The originator of the concept of The Not So Big House, architect Sarah Susanka, teams up with landscape designer, Julie Moir Messervy, telling us how to work with those principles to open the relationship between a house and the land it was built on. They call it “the landscape of home.”
A sampling of their most important ideas:
Embracing the habitat of home -- using the natural setting of your site to your advantage.
Shelter -- you should feel protected and comfortable in your garden. A wall or canopy of trees or an upward hillside will increase your sense of enclosure and safety.
Framed openings—every window, or door, or gateway should have the most interesting view framed through it. Making connections between the inside of your home and the outside, entices people into the garden.

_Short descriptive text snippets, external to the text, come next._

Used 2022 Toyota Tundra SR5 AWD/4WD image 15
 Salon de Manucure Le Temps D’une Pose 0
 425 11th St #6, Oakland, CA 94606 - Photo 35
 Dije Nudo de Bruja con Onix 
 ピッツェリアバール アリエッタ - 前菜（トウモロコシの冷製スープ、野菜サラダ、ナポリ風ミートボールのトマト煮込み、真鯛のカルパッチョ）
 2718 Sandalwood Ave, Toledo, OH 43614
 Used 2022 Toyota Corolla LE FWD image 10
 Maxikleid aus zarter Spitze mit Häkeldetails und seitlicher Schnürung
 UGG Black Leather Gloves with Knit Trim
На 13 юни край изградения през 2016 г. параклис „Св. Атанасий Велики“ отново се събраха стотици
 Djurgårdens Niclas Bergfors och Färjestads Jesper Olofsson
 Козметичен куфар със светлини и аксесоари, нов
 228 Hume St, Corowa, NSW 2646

Flow – composing journeys for your visitors. Paths and stopping places make traveling through the landscape pleasant. Create “events” along the way, a fountain, a statue, a birdbath.
Light intensity variations – bright sunlight, dappled shade, and the relief of deep shadows should be available.
Outdoor rooms – separating activities by creating rooms, some big and some small, either public or quiet sheltered spots for private contemplation.
Details – crafting your landscape using materials and plants that compliment the house and the garden. Softening the hard edges of the landscape with plants.
Certainly a lot to think about. If you are going to do more than place a few plants around the yard, this book offers a new way of looking at your home landscape.